Your answer must consist solely of the lines from the one containing "Rusia expulsa a" through the last line of the records below, reproduced exactly, with all pictures omitted.

*** Excerpted records

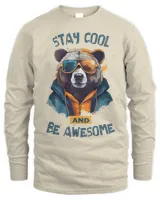 Men's Long Sleeved T-Shirt
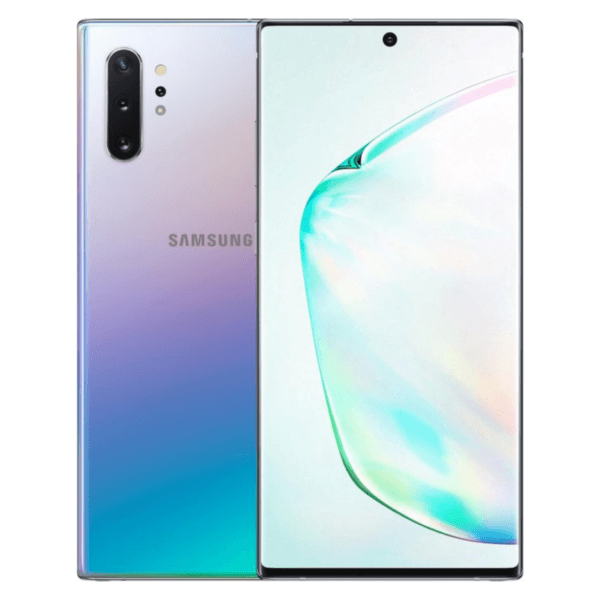 Samsung Galaxy Note 10+ 256GB Aura Glow Refurbished B-grade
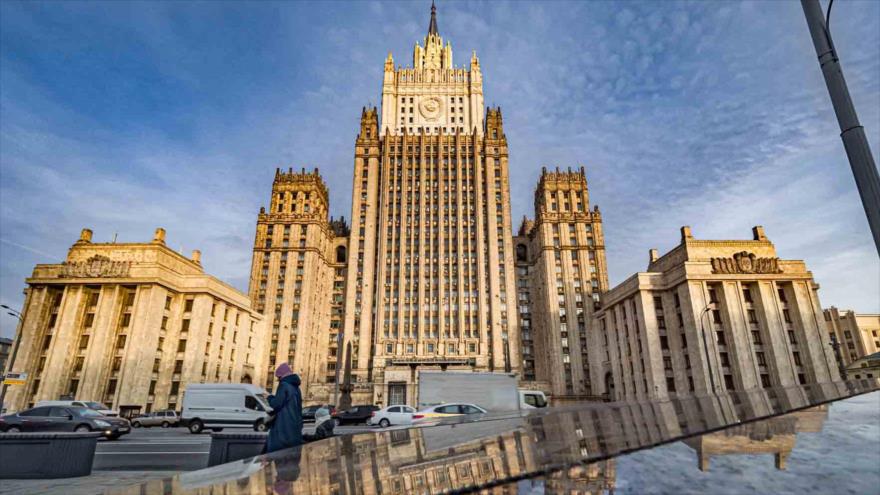 Rusia expulsa a 40 diplomáticos alemanes como represalia | HISPANTV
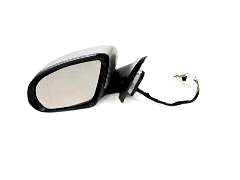 X253 Glc Uyumlu Serisi İçin Uyumlu Ayna (Komple) (Katlanır) - Sol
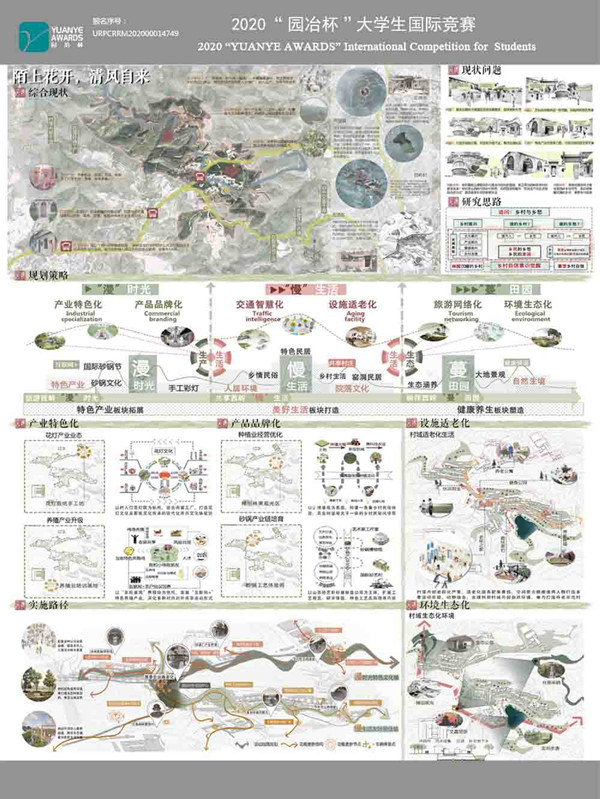 指導(dǎo)老師解讀2020園冶杯一等獎(jiǎng)作品《陌上花開,清風(fēng)自來》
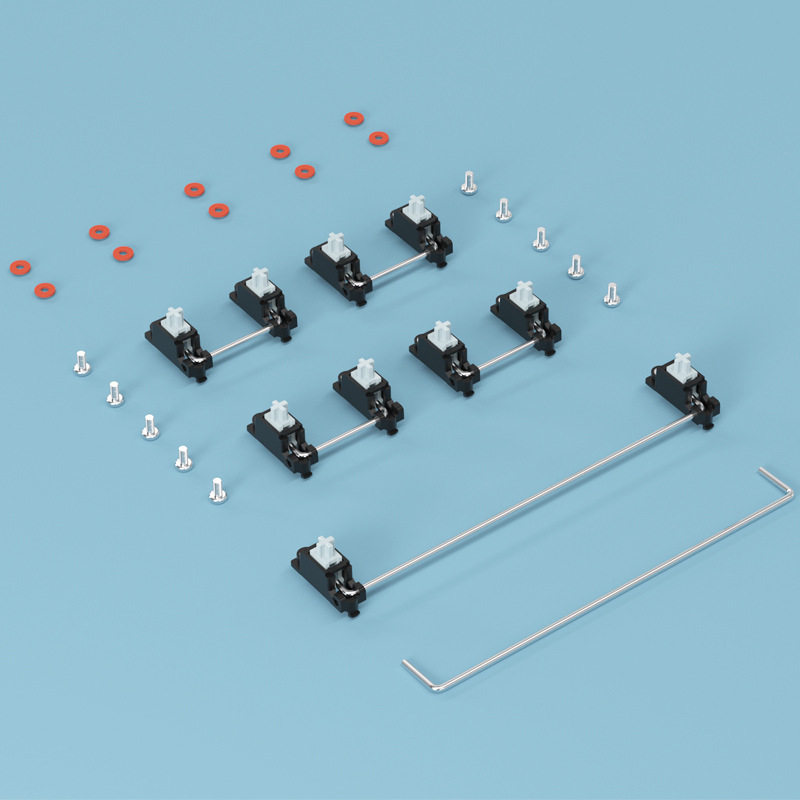 GATERON Gataron PCB screw satellite shaft V2 customized mechanical keyboard retrofit accessories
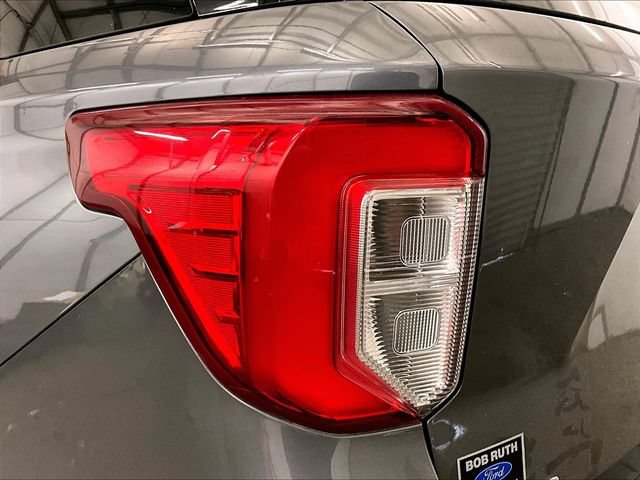 Certified 2022 Ford Explorer XLT AWD/4WD image 29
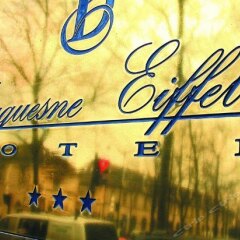 Hotel Duquesne Eiffel спортивное сооружение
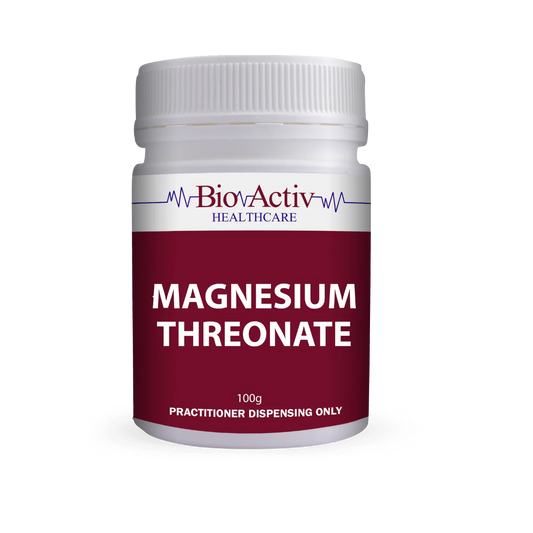 Magnesium Threonate 90 VegieCaps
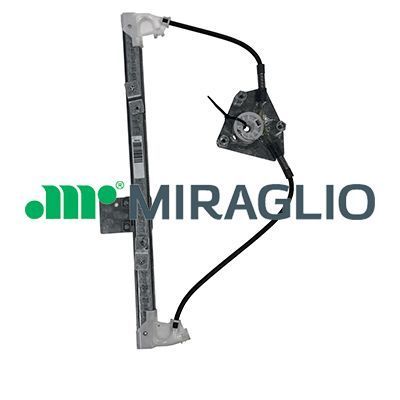 Lango pakėliklis MIRAGLIO 30/7176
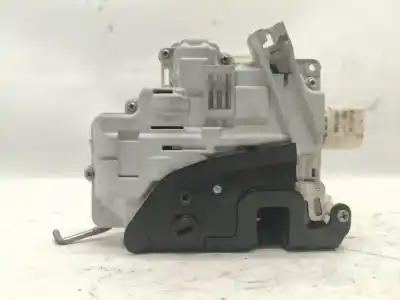 Second-hand car spare part rear left door lock for audi a6 avant (4f5) 3.0 tdi quattro (171kw) oem iam references 4f0839015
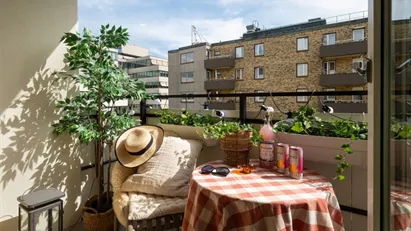 Bostadsrätt till salu på Södermalm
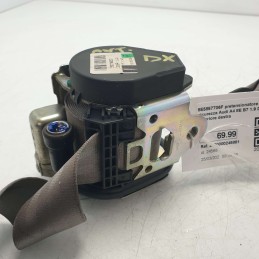 8E5857706F pretensionatore cintura di sicurezza Audi A4 8E B7 1.9 D 116CV 2005 anteriore destra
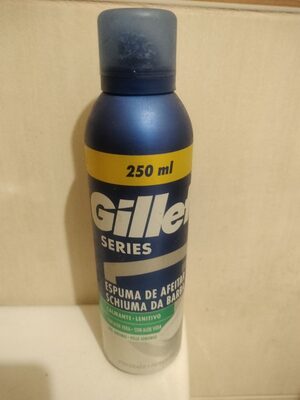 GILLETTE Espuma Af Gillette Series 200 50 ml Kosmetik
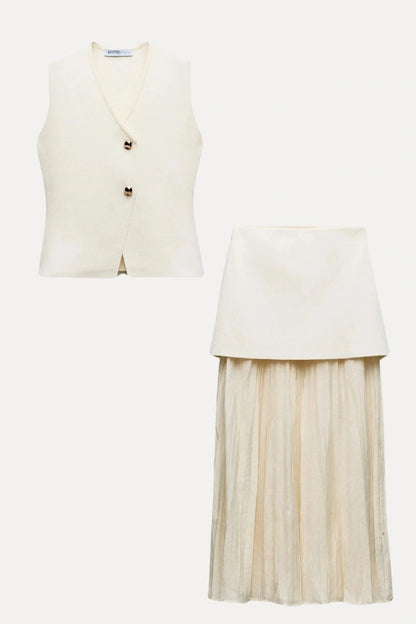 Elegantly Styled Garment for Everyday Wear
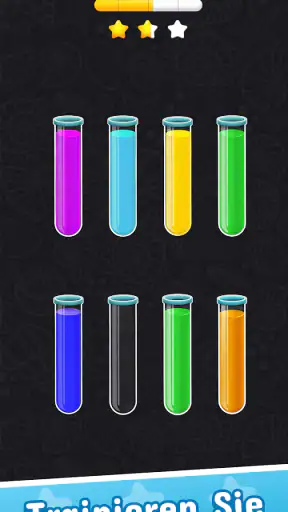 Color Water Sort Puzzle Games screenshot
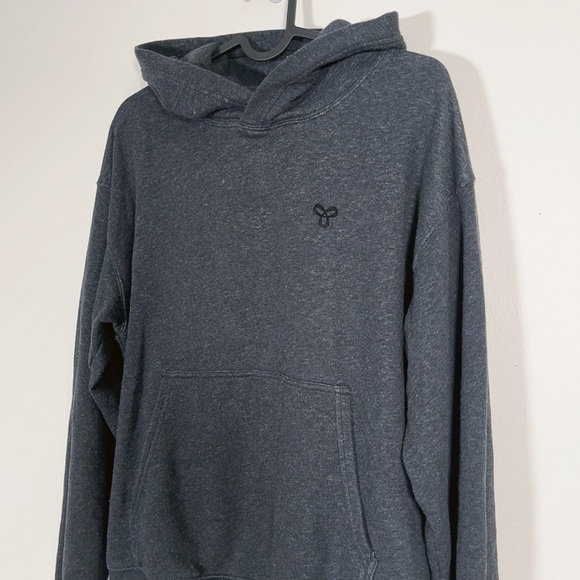 Aritzia Dark Gray Hoodie - Picture 2 of 13
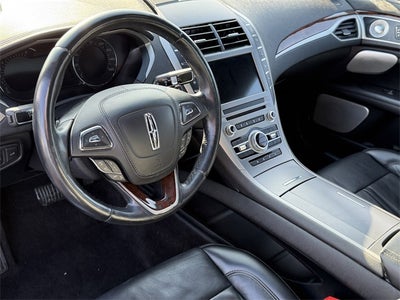 2020 Lincoln MKZ Reserve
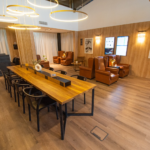 W Premium dobra capacidade de Salas VIP na Patagônia Argentina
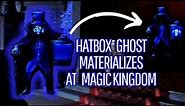 Haunted Mansion FULL RIDE POV Magic Kingdom | 1.5 MINUTES IN FRONT OF HATBOX GHOST [4K POV] 2023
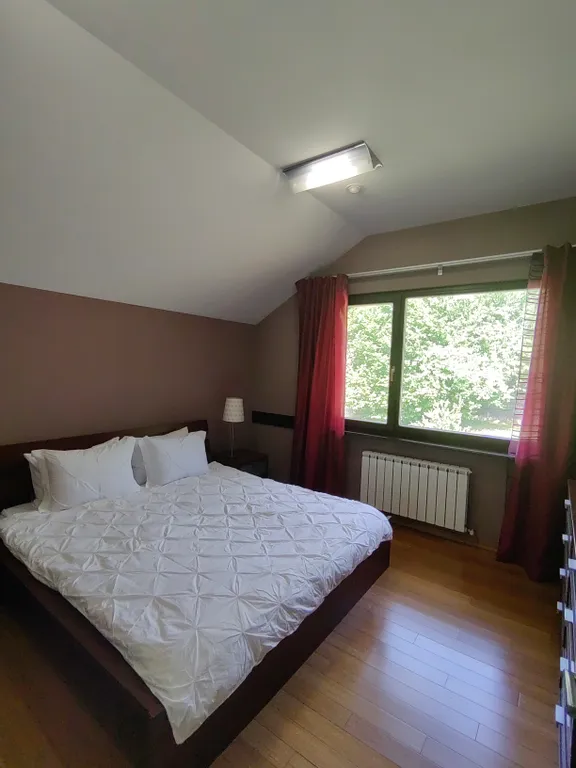 Коттедж Дом с баней и бассейном и видом на горы — Красная Поляна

******

**Answer below:**
 Rusia expulsa a 40 diplomáticos alemanes como represalia | HISPANTV
 X253 Glc Uyumlu Serisi İçin Uyumlu Ayna (Komple) (Katlanır) - Sol
 指導(dǎo)老師解讀2020園冶杯一等獎(jiǎng)作品《陌上花開,清風(fēng)自來》
 GATERON Gataron PCB screw satellite shaft V2 customized mechanical keyboard retrofit accessories
 Certified 2022 Ford Explorer XLT AWD/4WD image 29
 Hotel Duquesne Eiffel спортивное сооружение
 Magnesium Threonate 90 VegieCaps
 Lango pakėliklis MIRAGLIO 30/7176
 Second-hand car spare part rear left door lock for audi a6 avant (4f5) 3.0 tdi quattro (171kw) oem iam references 4f0839015
 Bostadsrätt till salu på Södermalm
 8E5857706F pretensionatore cintura di sicurezza Audi A4 8E B7 1.9 D 116CV 2005 anteriore destra
 GILLETTE Espuma Af Gillette Series 200 50 ml Kosmetik
 Elegantly Styled Garment for Everyday Wear
 Color Water Sort Puzzle Games screenshot
 Aritzia Dark Gray Hoodie - Picture 2 of 13
 2020 Lincoln MKZ Reserve
 W Premium dobra capacidade de Salas VIP na Patagônia Argentina
 Haunted Mansion FULL RIDE POV Magic Kingdom | 1.5 MINUTES IN FRONT OF HATBOX GHOST [4K POV] 2023
 Коттедж Дом с баней и бассейном и видом на горы — Красная Поляна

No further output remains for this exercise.